> [Exercise description]:
What you give back should be exactly the lines from the one with "Строительный уровень BMI" through the final line of the material, pictures removed; please add nothing.

> [The data]:
=-=-=
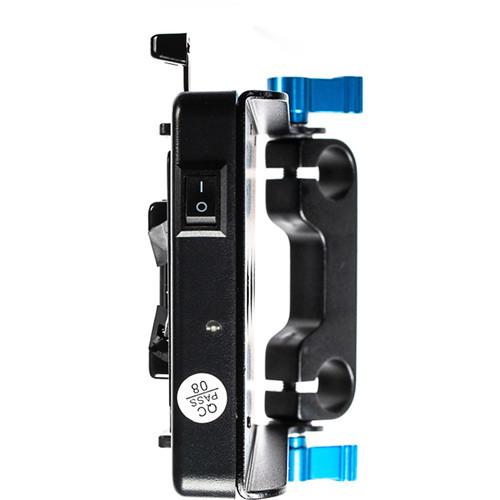 IndiPRO Tools 15mm Rod Mount Universal V-Mount Battery Plate Kit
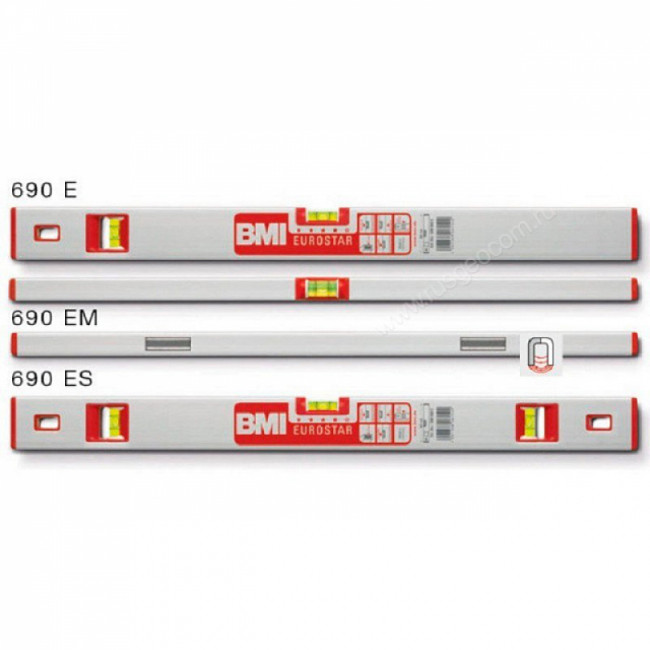 Строительный уровень BMI Eurostar 690EM 80 см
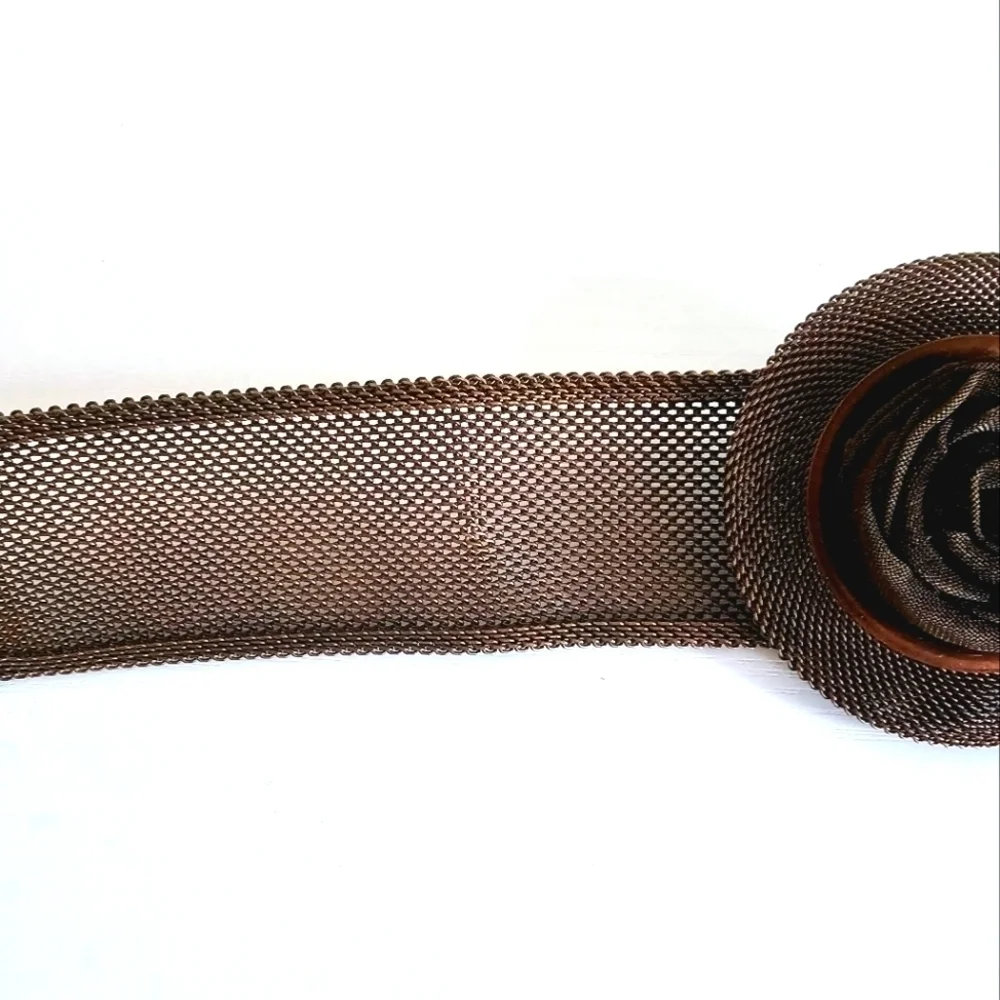 NWT Sara Canvender Meatalworks Handcrafted Bronze Flower Women's Belt Size 34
=-=-=
> [Written solution]:
 Строительный уровень BMI Eurostar 690EM 80 см
 NWT Sara Canvender Meatalworks Handcrafted Bronze Flower Women's Belt Size 34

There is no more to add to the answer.